I have amano shrimps and RCS and the PH is around 6.6-6.8. SAE wouldn't mind soft water either. For 30 gallons, you should get two IMO as they will grow large.


----------



## kamikazi (Sep 3, 2010)

do SAE get aggressive or stop eating algae after time? 

Would bolivian rams eat amano shrimp?


----------



## Tyger (Dec 9, 2010)

*Siamese Algae Eater (Crossocheilus siamensis)*

Kami,

If you really have SAE (Siamese Algae Eaters), no; however, this _is not true_ of other similar looking algae eaters. Chinese Algae Eaters are notrious for quickly becoming large, aggressive, carrion eaters as they age. If you run a google search, you can find a bunch of articles that can help you distinguish between them (e.g., Article 1 & Article 2). It takes a little looking to make sure you are getting what you think you are getting as even fairly good LPS mislabel them. I have two that have grown fairly rapidly though still remain peaceful, hover, and rest on their fins (hallmarks of the species).












kamikazi said:


> do SAE get aggressive or stop eating algae after time?
> 
> Would bolivian rams eat amano shrimp?


----------



## kamikazi (Sep 3, 2010)

Tyger said:


> Kami,
> 
> If you really have SAE (Siamese Algae Eaters), no; however, this _is not true_ of other similar looking algae eaters. Chinese Algae Eaters are notrious for quickly becoming large, aggressive, carrion eaters as they age. If you run a google search, you can find a bunch of articles that can help you distinguish between them (e.g., Article 1 & Article 2). It takes a little looking to make sure you are getting what you think you are getting as even fairly good LPS mislabel them. I have two that have grown fairly rapidly though still remain peaceful, hover, and rest on their fins (hallmarks of the species).


very helpful thanks!


----------



## davesnothere (Oct 21, 2008)

I had a small algae issue on my tank, bought 2 Otos on Sunday, now my tank is clean. I am surprised how fast they cleaned up. Whatever little is left on leaves, they are working diligently cleaning every last bit. I was told by my LFS not to buy SAE 'cause they stop eating algae when they grow. I never had SAE, not sure this is true or not. 

I would never have another planted tank without Oto.


----------



## msawdey (Apr 6, 2009)

i own otos, SAEs and bushey nose plecs.. Let me tell you.. they are one awesome algae eating force. 
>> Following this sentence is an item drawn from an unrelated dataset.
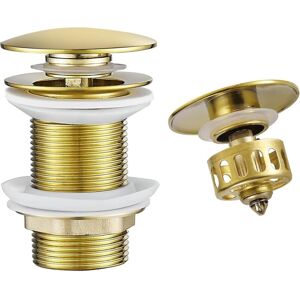 Tonchean - Pop-up Sink Drain Valve with Strainer Basket Drain Valve Brass and Stainless Steel Drain Fitting without Overflow Tonchean - Pop-up Sink Drain Valve with Strainer Basket Drain Valve Brass and Stainless Steel Drain Fitting without Overflow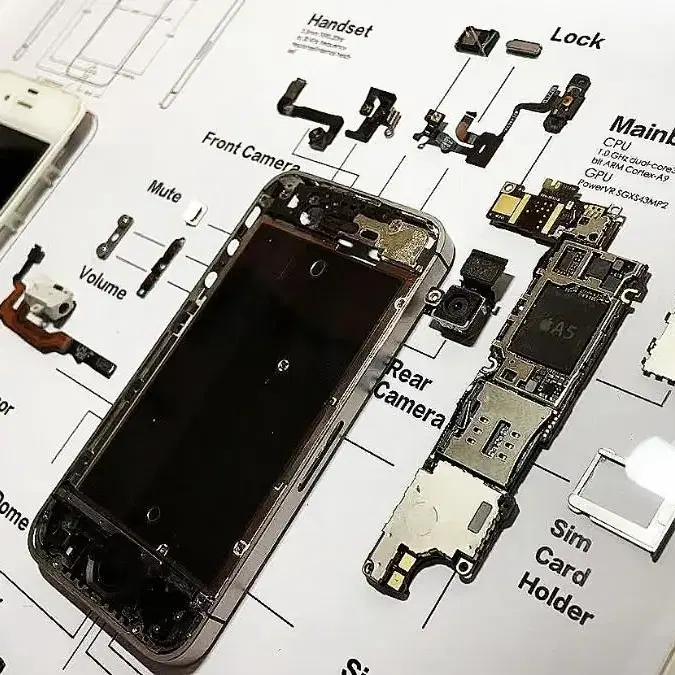 아이폰 4s 부품 액자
What was said about the SAEs is somewhat true, but mine still graze and do a great job. They will eat the food, but they are naturals at grazing.


----------



## sepehr (Oct 6, 2010)

I haven't come across a fish that eats BBA which is the hardest algae to get rid off. Ottos eat brown & diatoms and SAE tend to eat that plus hair algae. SAE are good algae eaters ONLY if they don't get enough flake food.


----------



## sepehr (Oct 6, 2010)

kamikazi said:


> do SAE get aggressive or stop eating algae after time?
> 
> Would bolivian rams eat amano shrimp?


If they're true SAE they won't get aggressive but if they develop a taste for flake or live food then there's a good chance they will ignore algae all together.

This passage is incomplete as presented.